I am easily swayed by most kinds of economic arguments, which makes it easy to convince me of many things. The ones towards the extremes of the spectrum are easier to deal with (i.e. harder to convince me of); for instance I can generally pick holes in statements like:

  • if it moves, nationalise it
  • if it moves, privatise it
  • make all black people the private property of white people and don’t pay them anything
  • start a war to create jobs and boost the economy
  • make the rich even richer so that their wealth will trickle down to the rest of us.

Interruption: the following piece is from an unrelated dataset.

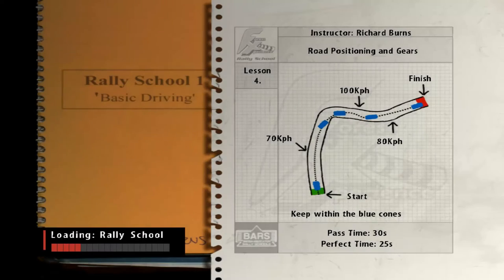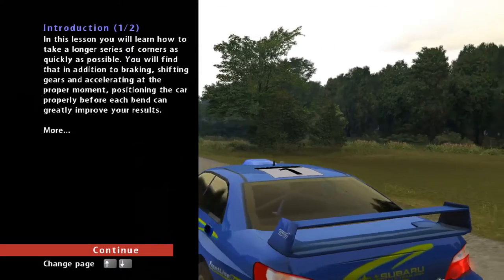Now we can go to the next lesson. This is how to position on the road.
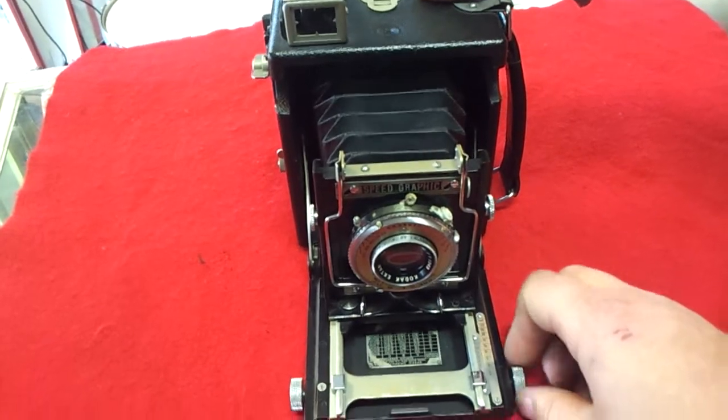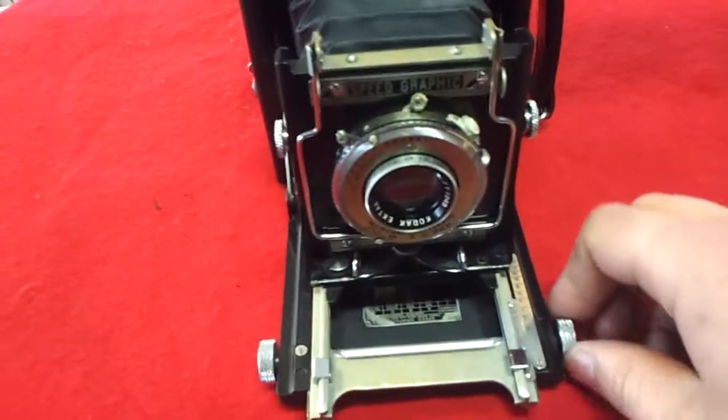This will look like this. This is the Graflex Speed Graphic camera. We have a video camera. We're looking at the mirror here.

The further towards the middle ground, though, the harder it gets. Am I a Keynesian? Am I a monetarist? Goodness knows. (I do believe in feeding a cold, if that helps, but only because I see no point in multiplying personal misery when an easily obtained placebo is to hand.) Maybe I have some strange idea that human beings are way too complex for this kind of thing and the kind of theory that is appropriate on Monday afternoon may be completely out of touch come the circumstances of Tuesday morning.

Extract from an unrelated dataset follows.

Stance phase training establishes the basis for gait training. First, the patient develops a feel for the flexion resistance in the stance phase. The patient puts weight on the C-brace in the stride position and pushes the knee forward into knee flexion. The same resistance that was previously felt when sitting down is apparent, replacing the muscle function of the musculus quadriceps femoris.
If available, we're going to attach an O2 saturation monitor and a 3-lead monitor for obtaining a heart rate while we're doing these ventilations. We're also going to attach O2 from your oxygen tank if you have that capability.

But this guy seems to make sense, and I don’t just say that as a public sector employee: “The only way to cut government debt is to increase government spending“. Discuss; or, failing that, tell me where he’s wrong.

The boy stood on the burning deck

For many years I genuinely believed the poem began:

The boy stood on the burning deck
The ship was sinking fast.
And as he stood there sinking too
His captain floated past.

In fact it’s a little more Poetic than that. The poem – which, face it, just asks to be parodied – is “Casabianca” (not to be confused with the Bogart movie with a very similar but not quite identical name). The boy is the son of Captain Casabianca, captain of the French flagship Orient. The deck is burning because it’s the Battle of the Nile, and in a few short minutes the flames will reach Orient’s gunpowder stores and the ship will blow up quite spectacularly, killing the captain, the boy and most of the rest of the crew. True fact.

(The French fleet had moored bow-to-stern parallel to the shore, so that any enemy attack would have to be along one side only and they would have a reasonable chance of fighting off any aggressors. Nelson disgracefully worked out that there was space for some of his ships to sail between the line and the shore, so the French ships were attacked from both sides at once. Of such base, deceitful, unsporting treachery is one of the Royal Navy’s greatest victories made.)

The boy cries out during the poem to his father, asking to be relieved of his station, but his father is either already dead or at least unconscious. No order comes, the boy holds his station to the bitter end and *BOOM*. With a choke in its voice and a catch in its throat, the poem concludes:

There came a burst of thunder sound
The boyoh! where was he?
Ask of the winds that far around
With fragments strewed the sea!

With mast, and helm, and pennon fair,
That well had borne their part
But the noblest thing which perished there
Was that young faithful heart.

Hmm. Let us leave aside such unPoetic questions as: how does the poet, who wasn’t even there, know what the boy was doing? And, is that penultimate verse really meant to make you giggle?

Wikipedia tells me two useful things. One is Samuel Butler’s thoughts on the poem:

“the moral of the poem was that young people cannot begin too soon to exercise discretion in the obedience they pay to their papa and mamma.”

The other is that, during the action, the boy’s leg was apparently blown off. All of a sudden another possible explanation for his immobility becomes apparent.

The boy lay on the burning deck
His other leg lay near …

I’m probably missing the point entirely.